BERLUSCONI – Incontri, come detto. Anzi, l’incontro: quello tra Renzi e Berlusconi. I due si sono incontranti. Anzi no, forse. Poi le smentite categoriche. Piccola nota polemica: ma la legge elettorale non riguarda tutti? Non è che stiamo parlando della pianificazione dello sbarco in Normandia.

Sta di fatto che i due per adesso non si sono incontrati. Renzi, finita la discussione con Letta si è rinchiuso nella sede romana del Pd, al Nazareno. Lì lo hanno raggiunto il ministro Delrio, il ministro Franceschini, il presidente del Pd, Gianni Cuperlo. Non Berlusconi, e non sarebbe stato male. Almeno, andandolo a trovare in ‘casa’ e scambiandogli la cortesia, ‘Silvio’ avrebbe messo fine una volta per tutte al tormentone Renzi-Arcore. Perché in questa vicenda, pesa anche il precedente: non è un caso che Renzi abbia dichiarato che è disposto ad incontrare tutti ma per discutere, “non per bere un caffè, quello preferisco farlo tra amici”.

Non si incontreranno ad Arcore, ma si incontreranno. E si misureranno sulla legge elettorale. Su quello che in questi giorni gli uomini di Renzi stanno trattando con Verdini, l’uomo del Cav, il più falco di tutti.

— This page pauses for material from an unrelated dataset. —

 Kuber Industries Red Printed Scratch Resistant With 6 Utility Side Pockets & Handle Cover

Come ha confermato nella tarda mattinata Brunetta: “C’è stato l'incontro Renzi-Berlusconi?” “Io non ne so nulla. Per quanto ne so non c’è stato. Ma ci sarà”. Da qui le richieste di Fi, quindi del Cav: “Si deve cercare – ha continuato Brunetta – una convergenza su un turno unico maggioritario, che consenta di sapere chi a ha vinto e chi ha perso”. Quindi nello specifico: “Bisogna ovviamente rispettare la sentenza della Corte e i modi per fare questo sono due: il Mattarellum che abbiamo già avuto, con correzioni; o il modello spagnolo che non abbiamo mai avuto, che però desta interesse in molte forze politiche. Su questi paletti siamo d’accordo. Ci sta anche Sel e anche il Movimento 5 stelle, pur con il suo linguaggio sempre in negativo”.

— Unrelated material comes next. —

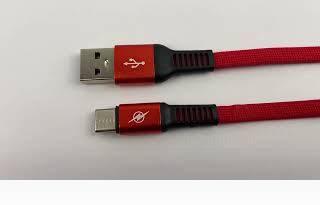 Кабель USB 2.0 на USB Type C тканевый красный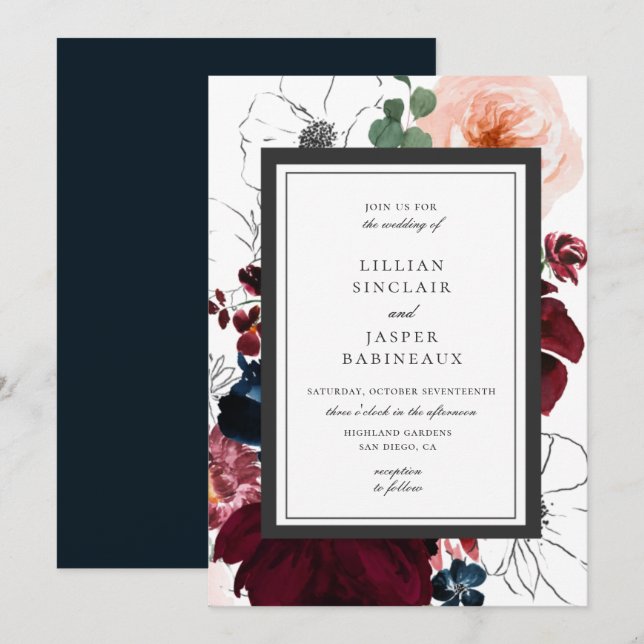 Burgund Blush Navy Fall Floral Hochzeit Einladung (Vorne/Hinten)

Stando così le cose, tramonterebbe l’ipotesi del sindaco d’Italia, con doppio turno e ballottaggio. Che ai forzisti non piace per via di un elettorato pigro, dicono, che mal volentieri digerirebbe la duplice chiamata. Insomma, potrebbe saltare proprio l’ipotesi che più sta a cuore ad Alfano. Da qui il bivio renziano: andare diritto con Berlusconi fino a far saltare il banco, oppure spingere per il sindaco d’Italia.

Primo caso. I pro: Renzi, saltato Letta, avendo messo fine all’equivoco delle larghe intese, si presenterebbe alla guida del Paese forte di un consenso esplosivo. I contro: il segretario potrebbe pagare proprio la pugnalata, la responsabilità della crisi. In più i tempi: strettissimi, primarie Renzi – Letta incluse.

Secondo caso. I pro: il Parlamento riforma lo strumento che regola la chiamata alle urne e non viene messa in discussione l’integrità della maggioranza. Renzi, protagonista dell’accelerata positiva, si potrebbe buttare sul piano lavoro, sulle riforme istituzionali e sulla campagna elettorale per Firenze (è di ieri l’ufficializzazione della candidatura). I contro: la questione potrebbe farsi lunga, e Renzi potrebbe correre il rischio di farsi candire dalla politica.